Most of us at this current time would probably say that this approach misses the point of art, which is not scientific but oriented around pleasure. But as we will see, our perspective is only one perspective, one that fits where we are situated in history, and not the only one.

What does God consider beautiful? "God saw everything that he had made, and indeed, it was very good" (Gen. 1:31). Everything that God has created, insofar as it is not marred by Sin, is beautiful. Who knows, perhaps even that which is marred by Sin is beautiful to God in a way, for Sin only exists because of the possibility that we might choose the good. Even the unrepentant sinner remains beautiful to him, because he or she is still the image of God. God is able to love the sinner even though he does not love sin.

The laws of physics are beautiful. They are indeed elegant. There is a mathematical beauty to the universe. These are manifestations of God as an artist.

3. The sense of the purpose of art and what therefore constitutes good art has changed from time to time in history. For example, both Plato and Aristotle in ancient Greece assumed that the purpose of art was to provide a representation of reality. [1] For Plato, this sense of art implied that it was a bad thing, just as for similar reasons it mean for Aristotle that art was a good thing.

Plato believed that anything we experience with our senses is only a shadow and a copy of reality itself, which is something we access with our minds. The idea of a table is the reality. A physical table is a shadow and a copy of that reality. So for Plato, a piece of art was a copy of a copy of reality. It took one farther from the truth and thus was bad. It also could play on the emotions, which for Plato was bad.

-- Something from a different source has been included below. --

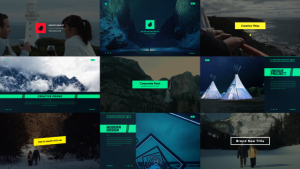 Videohive Corporate Slides and Titles Openers template preview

By contrast, Aristotle believed art was good for similar reasons. Unlike Plato, he did not believe that the idea of something--its essence or form--was something that truly existed independently of substance. When I identify something as a table, my mind has abstracted the essence of a table from the table. Art is helpful in this regard, because art focuses on the essential form of something.

And while art often evokes an emotional response, Aristotle believed this experience could be cathartic in a way that actually helps clear our minds. Music might purge us of emotions so that we can think straight.

4. So Plato and Aristotle both judged the value of art on whether it led to greater rationality. Quite the opposite for the Romantics in the late 1700s and early 1800s. For them the emotional irrationality of art was what made it art and what made it good. The artistic ideal was the eccentric artist who seems possessed of something greater than him or herself. The artist is someone swept away by genius, someone with whom the rest of us cannot really relate.

This Romantic paradigm has more or less dominated our sense of art up until the present time. Good art evokes strong feelings which, while irrational, are good.

 Leo Tolstoy (1828-1910) had a slightly different perspective on art. He agreed with the Romantics that art was largely about feeling. But he disagreed on what constituted good and bad art. The Romantics viewed art as an individualistic matter. It didn't matter whether you or I recognized the meaning or genius of a work of art. It was a matter of the individual artist and individual taste.

But for Tolstoy, art was only good art if it evoked universal feeling and values. And the values of importance were things like the fatherhood of God and the brotherhood of man. If a work of art made us feel more loving toward each other, then it was good art. If a piece of art helped us feel solidarity with one another as human beings, it was good art.

4. All of the above, in their own way, believe that art is good if it is constructive. If it builds rationality, Plato and Aristotle would have said it was good. If it built individual or corporate feeling, the Romantics and Tolstoy would have said it was good, respectively.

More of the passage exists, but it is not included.